This next year I continue my march to 10,000,000. Will likely upgrade  and try to shrink the footprint of my main rig. 

Given the hard work Norton puts in here its not surprising his efforts got him a promotion and bonus at his work


----------



## TRWOV (Dec 24, 2014)

I'd like to enter.

Not many Christmas stories since I'm always on a trip at the time. Only spend Christmas with the family.

As for crunching, I'll try to get a dual socket 2011v1 board... yeah, yeah, I know that's what I said last time but it was cost prohibitive at the time, that's why I got the dual 1366 instead. At the very least I'll upgrade to dual six cores.


----------



## n3rdf1ght3r (Dec 24, 2014)

ohhh free money. My Asian senses are tingling


----------



## manofthem (Dec 24, 2014)

n3rdf1ght3r said:


> ohhh free money. My Asian senses are tingling




Makes me want to post a funny Asian pic or gif... Must resist..


----------



## Ja.KooLit (Dec 24, 2014)

want it. this holiday for me, i will let my wife buy what she wants. anything of course budget permitting lol. my plan for crunching next year? not really a plan but i will just crunch and crunch and crunch.

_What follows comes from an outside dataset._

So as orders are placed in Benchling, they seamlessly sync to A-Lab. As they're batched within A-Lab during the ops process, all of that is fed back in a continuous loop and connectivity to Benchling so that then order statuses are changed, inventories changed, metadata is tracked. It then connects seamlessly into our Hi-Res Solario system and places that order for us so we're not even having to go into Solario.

oh thanks @Norton team skipper  and Merry Christmas to all.


----------



## AlienIsGOD (Dec 24, 2014)

what the heck, i'll enter this one   plans for crunching in 2015 include building a new rig so i can relegate the 3570K to 24/7 duty alongside the i5 2400


----------



## BarbaricSoul (Dec 25, 2014)

(that means I want)

but seriously, whether I win or not, thank you Norton


----------



## flmatter (Dec 25, 2014)

Going to continue folding on my gaming rig when not gaming  
Want to get into crunching just to use my idle cpu.  I also want to try to upgrade my work computer to better video cards to help in folding and use that 4790 to crunch-have to get boss to sign off on a pair of 970's first.

Thanks Norton for the give away.


----------



## kenkickr (Dec 25, 2014)

I'm great full for a community like tpu and especially glad I started consistently crunching. It's for a good cause and it's great to see people that haven't even physically meet each other bend over backwards for one another. Merry xmas to all and have safe travels.

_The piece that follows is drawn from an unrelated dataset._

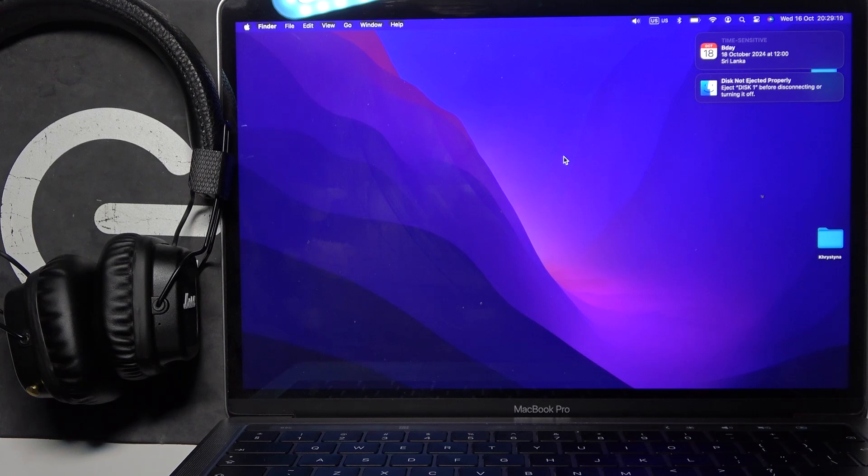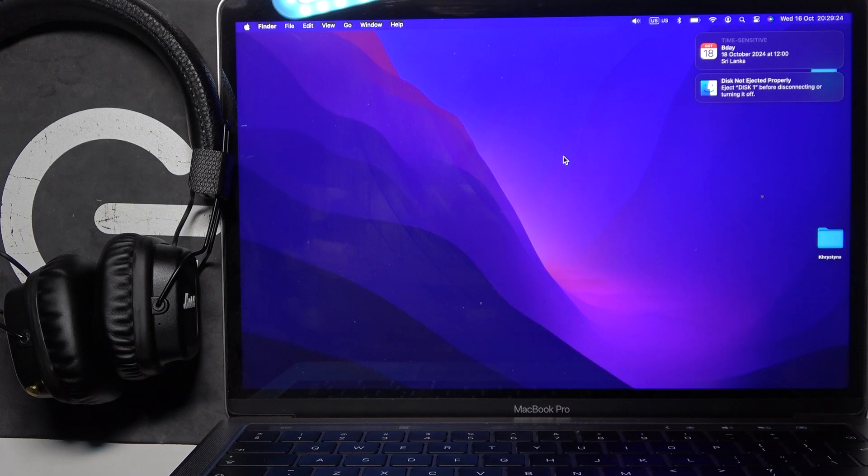Hello everybody and welcome. In this video I will show you how to pair your Marshall Major 2 headphones with your MacBook.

I plan to keep my cruncher going and maybe add another in the near future.


----------



## Mindweaver (Dec 25, 2014)

I'd like to enter as well.  Thanks for the great give away Captain! 

I'd like to put together a 2011-v3 system to crunch with no doubt, and this would go towards it.


----------



## Norton (Dec 25, 2014)

*We'll select the winner late am tomorrow when I get home from work**
*yes I have to work tomorrow  just going in for a few hours though


----------



## Ja.KooLit (Dec 25, 2014)

Norton said:


> *We'll select the winner late am tomorrow when I get home from work**
> *yes I have to work tomorrow  just going in for a few hours though


double pay?


----------



## Norton (Dec 25, 2014)

Making the list now- will announce the winner at *12pm (Eastern)...* less than 1 hour.

*Will add anyone else to the list that posts between now and then*


----------



## ChristTheGreat (Dec 25, 2014)

Wow, Norton, you are... a really nice man! Happy merry christmas!

This is a nice gift

edit: 

As per the topic, I will continu to crunch like I'm doing, with the computer I have. Not that much place for alot of computer, but I'll find a way to get more PPD in any way, like changing the LGA1150 dualcore for an I3 if I can get it for cheap price, anything!

Might put it  at work on the 4770 aswell, that would be nice.


----------



## Norton (Dec 25, 2014)

*and the winner is.....*



Spoiler



*@TRWOV *



*Congrats to the winner- will get a PM out to you shortly..... dinner is waiting!* 

*Thanks again to all of our TPU crunchers and folders for another great year!!!  *


----------



## AlienIsGOD (Dec 25, 2014)

congrats TRWOV


----------



## TRWOV (Dec 25, 2014)

WHOAAAA! I can't believe it 


Thanks Norton for these awesome giveaways!!!


----------



## stinger608 (Dec 26, 2014)

Congratulations TRWOV!


----------



## Ja.KooLit (Dec 26, 2014)

congrats @TRWOV and thanks again tpu captain


----------



## Tallencor (Dec 26, 2014)

Nice win Brother!


----------



## n3rdf1ght3r (Dec 27, 2014)

Congrats ya lucky butt!


----------



## ThE_MaD_ShOt (Dec 28, 2014)

Congrats bud


----------